Cumhuriyet mitinglerine katıldığı için suçlandığını ifade eden Ferit Bernay, miting sırasında "Ordu Göreve" pankartı açanların alandaki rektörler tarafından uyarıldığını, hatta kısa süreli arbede yaşandığını belirterek, bu pankartı açanların yargılandıklarını ve beraat ettiklerini anımsattı.
Hakkındaki iddiaları tümüyle reddettiğini belirten Bernay, beraatine karar verilmesini istedi.

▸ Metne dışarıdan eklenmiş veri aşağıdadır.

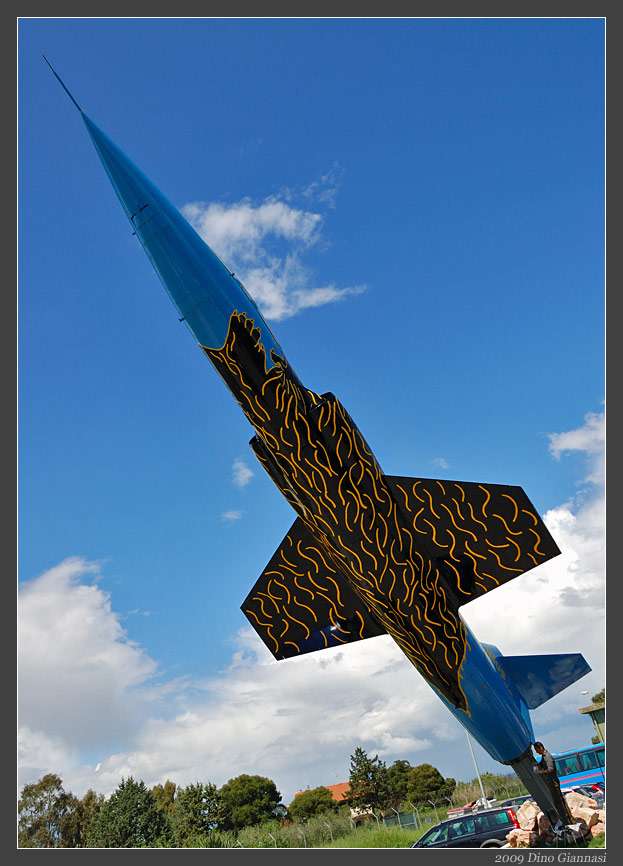 f104_gateg.jpg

Bernay'ın avukatı Filiz Esen de müvekkilinin, "Silahlı terör örgütüne üye olma, TBMM'yi ortadan kaldırmaya veya görevini yapmasını engellemeye teşebbüs etme, Türkiye Cumhuriyeti Hükümeti'ni ortadan kaldırmaya ve görevini yapmasını engellemeye teşebbüs etme" gibi çok ağır suçlamalarla yargılandığını, bu yargılama sırasında her şeyin varsayım ve ihtimaller üzerine kurulduğunu ileri sürdü.
Hiçbir hukuki zemin olmadan, suçların delilleri gösterilmeden, suçu oluşturan olaylar delillerle ilişkilendirilmeden, soyut iddialara dayanılarak, zorla bir örgüt yaratılma çabası içine girildiğini savunan Esen, müvekkilinin de zorlamalarla bu örgütle ilişkilendirildiğini belirtti.

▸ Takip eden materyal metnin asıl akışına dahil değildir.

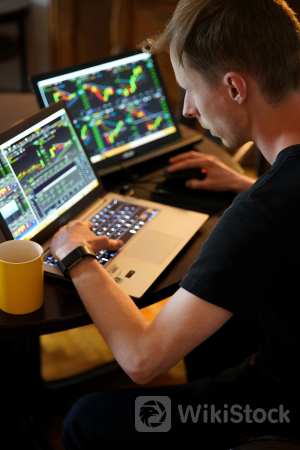 Fast-Paced Momentum Stock AMC Entertainment Is Still Trading at a Bargain - AMC Enter Hldgs (NYSE:AMC)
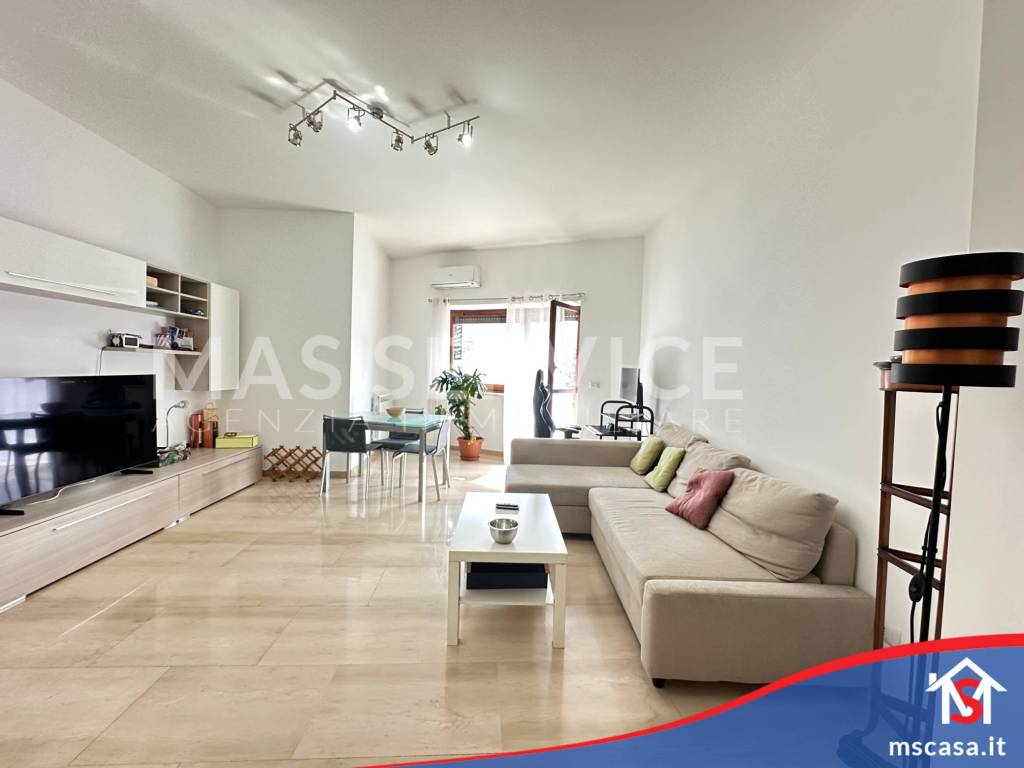 appartamento in vendita a Roma in zona EUR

Avukat Esen, müvekkilinin yıllarca haksız yere tutuklu kaldığını ve hüküm giydiğini söyledi.
İsnat edilen suçları işlediği konusunda dayanılan en önemli delilin, telefon görüşmeleri olduğunu anlatan Esen, "Delil diye gösterilen telefon görüşmelerinin içeriğinde, iddia edilen suçlarla ilgili en küçük bir ifade, ibare, suç oluşturan bir husus olmayıp, hepsi sosyal ilişkiler kapsamında yapılan gündelik, özel hayat kapsamındaki görüşmelerdir. Müvekkilin sosyal hayat kapsamındaki bazı görüşmeler ve bazı kişilerle olan tanışıklığı suç veya suç delili gibi gösterilmiştir. Müvekkilin bazı kişileri tanıması, sosyal ilişki içinde olması hiçbir şekilde suç işlediğinin veya suç işleme kastı ile hareket ettiğinin delili olamaz" diye konuştu.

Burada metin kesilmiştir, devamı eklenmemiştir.